Can you hear me yet?
A proposal to improve spotty cellular communications coverage in areas of the City of Warren has cleared a hurdle.
Mark Kulik of Tilson, a network deployment and construction technology company with headquarters in Portland, Maine, spoke before the city Zoning Hearing Board on Thursday.
The company was contracted to improve cellular infrastructure for areas that have demonstrated deficiencies.
The proposal includes installing small antennas on utility poles. Those poles would be connected to a fiber-optic network which would carry the signal to cellular towers.
“This came as a result of a need communicated by the citizens of Warren?” board member Mark Eberle asked.

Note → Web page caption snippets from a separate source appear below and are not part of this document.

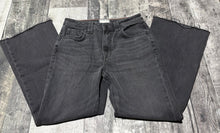 Load image into Gallery viewer, Free People dark grey high rise boot cut jeans - Hers size 29
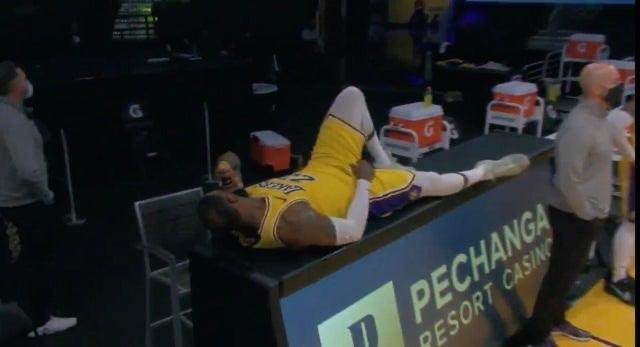 世界杯app下载-两场比赛鏖战3加时 詹姆斯：篮球会告诉我何时退役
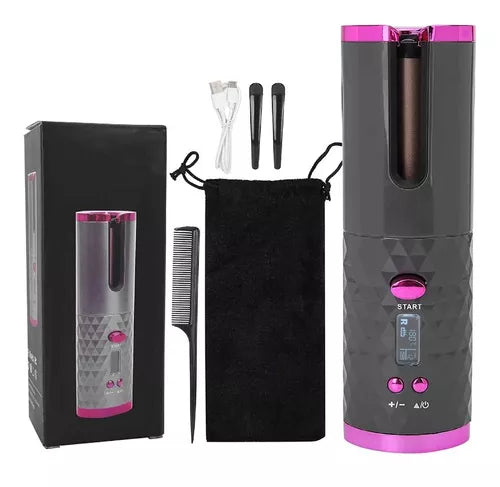 Rizador Automático Inalámbrico – Estilo en Cualquier Momento ✨ (388246)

Kulik said the residents did not need to complain. Verizon keeps use reports including dropped calls and areas of no service. When it, or another company, finds an area that is problematic, it will take steps to rectify the problems, he said.
Kulik assured board members that it is highly unlikely that there would be any kind of interference to existing signals, but if there were, the Federal Communications Commission has protocols in place for rapid handling of interference.
At 602 Conewango Ave., “we are looking to put this on the existing Verizon pole,” Kulik said. The added equipment includes a 14-inch by four-foot box near the center of the pole that will contain a meter and disconnect and a two-foot tall, 18-inch diameter cylindrical antenna that will look like an extension on top of the pole.
Tilson, doing business as SQF LLC, would put a new pole in the existing location — a common ask by the pole owners, Kulik said. That would result in a slightly taller pole when a standard 38.5 foot pole (45 feet in total length with 6.5 feet buried) replaces the existing, shorter one.
At the 110 Hill St. location, there is not currently a pole. Nearby poles all have transformers or other equipment on them and the owner would require Tilson to install a ground-level system — something that does not satisfy the company’s needs.
A new pole would be installed and connected to power and fiber across the street.
There would be no need to trim or cut any trees at this time, Kulik said.
The board unanimously approved the special exceptions in both cases. City Planner David Hildebrand said the city code enforcement office would move forward and make sure the proposals are not in violation of any codes.
There is a 30-day appeal period that became effective once the board approved the special exceptions, Hildebrand said.
He said other, similar proposals could come before the board, but generally only in areas that are residential zones. In commercial and industrial zones, there would be no need for a special exception. The city offices would handle those applications.